Purdue University
Computer Science Colloquia
Mint: A Multi-stage Extension of Java
(PowerPoint, PDF, view embedded)
Mr. Mathias Ricken
Rice University
LWSN 3102 A/B
Monday, March 15, 2010
3:30 p.m. – 4:30 p.m.
Complete Description:
Abstract:
Multi-stage programming (MSP) provides a safe way of generating code at run-time. In mostly-functional languages like MetaOCaml, this has been used to reduce the performance penalties of abstractions such as loops, recursion or interpretation. The main advantage of MSP compared to other techniques, such as string or LISP quotations, is that MSP guarantees type safety for the generated code statically, at the time the program is compiled.
Unfortunately, MSP is difficult to combine with imperative features found in most mainstream languages like Java. The central problem is “scope extrusion”, which may accidentally move variables outside the scopes in which they are bound, leading to run-time errors in the generated code. This problem can be prevented if code in escapes (or “anti-quotes”) is “weakly separable”, i.e. the computational effects occurring inside an escape that are visible from the outside do not involve code.
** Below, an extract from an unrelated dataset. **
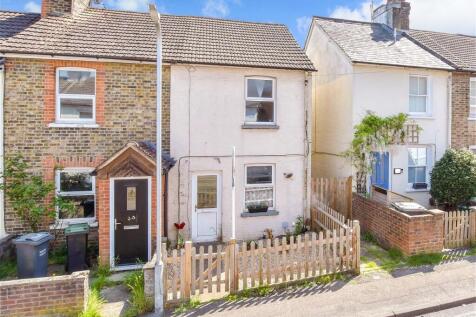 Rose Street, Tonbridge, Kent 2 bed end of terrace house for sale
We have formalized a type system, based on Lightweight Java, that uses weak separability to prevent scope extrusion, and we have proved that the type system is sound. We have also developed an implementation called Mint to demonstrate the expressivity of the type system and the performance benefits MSP can provide in an imperative setting. Since our implementation extends the Java language, our work is accessible to mainstream programmers.
This talk is based on work will be presented at the Conference on Programming Language Design and Implementation (PLDI 2010). More information is available at http://mint.concutest.org/
Bio:
Mathias Ricken is a doctoral candidate in the Programming Languages Team at Rice University and one of the principal developers of the DrJava integrated development environment. His research interests include concurrent programming, extending the Java language, and computer science education. He is the developer of the Concutest concurrent unit testing framework and has created various experimental extensions of Java to address, for instance, programming with meta-data. Currently, Mathias is contributing to Mint, a multi-stage
extension of Java that allows safe and expressive statically typed program generation and specialization in an imperative language setting.